In addition to Alejandro’s manufactured crisis, Lyla has returned to the family home having split up with her husband and nursing some serious fertility and motherhood related anxieties, Jared has decided that it is maybe, possibly time for him to lose his virginity – the “maybe” in that equation gets eliminated as soon as he lays eyes on Nuria – and there are a number of unresolved issues between Don, Ellie and Bebe resulting from the fact that Ellie and Bebe were best friends until Don and Bebe had an affair which brought about the end of Ellie and Don’s marriage. These issues are of course exacerbated by the “not divorced” farce, with Bebe forced to move into the local hotel, and Don and Ellie being forced to share a bedroom, lest Madonna start to suspect the truth.
Now, let’s walk this back a little bit. It’s 2013. Catholics, even staunch ones, are aware that sometimes people get divorced. Sometimes even Catholics get divorced [editorial note from God: not really], so the pretense seems, at best, unnecessary. Furthermore, despite the fact that Alejandro remained in contact with Madonna throughout his childhood, including regular visits with her, the wedding is apparently the first time that Madonna has ever met Don and Ellie so, really, how invested could she actually be in the continuing soundness of their marriage? And, finally, since Alejandro himself doesn’t believe in organized religion, then doesn’t Madonna have greater concerns than whether or not his adoptive parents have remained married?

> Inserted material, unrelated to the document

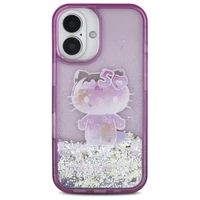 Hello Kitty Liquid Glitter 50 metų jubiliejaus vakarėlio dėklas telefonui iPhone 16 - violetinis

The Big Wedding is built on an astonishingly unsound foundation, premised on ideas and characterizations that are entirely lacking in credibility for a film set in 2013. Comedy functions within the realm of exaggeration, yes, but you have to exaggerate something which actually has some basis in recognizable reality. To make matters worse, the directorial rhythms are almost completely out of synch with the would-be comedic beats of the screenplay, which in turn sucks the energy out of many scenes. Despite the proven talents of the cast, there’s not much to recommend this one – unless you like seeing Robert De Niro get punched in the face and thrown up on.